WHAT THIS TASK INVOLVES:
In the entries below, the line with "Basis für Cryptowährungen" marks the start. Return it and every following line exactly, ending with the last.

[[ THE RECORDS open ]]

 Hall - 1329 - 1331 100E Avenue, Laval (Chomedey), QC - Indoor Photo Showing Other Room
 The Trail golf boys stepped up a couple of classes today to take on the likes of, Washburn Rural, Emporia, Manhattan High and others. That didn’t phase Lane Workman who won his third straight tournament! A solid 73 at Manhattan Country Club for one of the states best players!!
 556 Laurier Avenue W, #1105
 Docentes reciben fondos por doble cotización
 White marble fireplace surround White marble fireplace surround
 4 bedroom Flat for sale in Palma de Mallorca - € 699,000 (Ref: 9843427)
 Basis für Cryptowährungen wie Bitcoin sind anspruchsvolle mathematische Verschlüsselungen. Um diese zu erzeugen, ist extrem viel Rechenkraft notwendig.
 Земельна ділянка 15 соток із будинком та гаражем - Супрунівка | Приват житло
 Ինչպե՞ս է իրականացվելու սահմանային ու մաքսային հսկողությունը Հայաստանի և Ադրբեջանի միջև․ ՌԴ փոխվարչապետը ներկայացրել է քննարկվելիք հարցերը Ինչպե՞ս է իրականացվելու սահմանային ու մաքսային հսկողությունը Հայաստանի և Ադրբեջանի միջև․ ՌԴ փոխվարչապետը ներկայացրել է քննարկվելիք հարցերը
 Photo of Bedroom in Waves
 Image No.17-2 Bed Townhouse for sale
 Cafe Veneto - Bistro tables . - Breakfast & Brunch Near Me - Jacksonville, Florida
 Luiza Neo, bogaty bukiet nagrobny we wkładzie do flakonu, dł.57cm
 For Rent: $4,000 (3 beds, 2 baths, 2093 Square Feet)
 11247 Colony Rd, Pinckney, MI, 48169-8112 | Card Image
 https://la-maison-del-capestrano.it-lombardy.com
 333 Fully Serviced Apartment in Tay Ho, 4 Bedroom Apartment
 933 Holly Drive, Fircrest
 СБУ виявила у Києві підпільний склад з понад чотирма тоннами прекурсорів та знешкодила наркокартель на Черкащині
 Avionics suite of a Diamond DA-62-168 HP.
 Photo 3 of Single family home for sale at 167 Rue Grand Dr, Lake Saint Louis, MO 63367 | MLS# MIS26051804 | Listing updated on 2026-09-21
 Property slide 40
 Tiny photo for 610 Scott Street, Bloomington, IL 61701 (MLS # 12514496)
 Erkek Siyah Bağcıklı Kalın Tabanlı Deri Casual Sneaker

[[ THE RECORDS closed ]]

COMPLETED EXERCISE:
 Basis für Cryptowährungen wie Bitcoin sind anspruchsvolle mathematische Verschlüsselungen. Um diese zu erzeugen, ist extrem viel Rechenkraft notwendig.
 Земельна ділянка 15 соток із будинком та гаражем - Супрунівка | Приват житло
 Ինչպե՞ս է իրականացվելու սահմանային ու մաքսային հսկողությունը Հայաստանի և Ադրբեջանի միջև․ ՌԴ փոխվարչապետը ներկայացրել է քննարկվելիք հարցերը Ինչպե՞ս է իրականացվելու սահմանային ու մաքսային հսկողությունը Հայաստանի և Ադրբեջանի միջև․ ՌԴ փոխվարչապետը ներկայացրել է քննարկվելիք հարցերը
 Photo of Bedroom in Waves
 Image No.17-2 Bed Townhouse for sale
 Cafe Veneto - Bistro tables . - Breakfast & Brunch Near Me - Jacksonville, Florida
 Luiza Neo, bogaty bukiet nagrobny we wkładzie do flakonu, dł.57cm
 For Rent: $4,000 (3 beds, 2 baths, 2093 Square Feet)
 11247 Colony Rd, Pinckney, MI, 48169-8112 | Card Image
 https://la-maison-del-capestrano.it-lombardy.com
 333 Fully Serviced Apartment in Tay Ho, 4 Bedroom Apartment
 933 Holly Drive, Fircrest
 СБУ виявила у Києві підпільний склад з понад чотирма тоннами прекурсорів та знешкодила наркокартель на Черкащині
 Avionics suite of a Diamond DA-62-168 HP.
 Photo 3 of Single family home for sale at 167 Rue Grand Dr, Lake Saint Louis, MO 63367 | MLS# MIS26051804 | Listing updated on 2026-09-21
 Property slide 40
 Tiny photo for 610 Scott Street, Bloomington, IL 61701 (MLS # 12514496)
 Erkek Siyah Bağcıklı Kalın Tabanlı Deri Casual Sneaker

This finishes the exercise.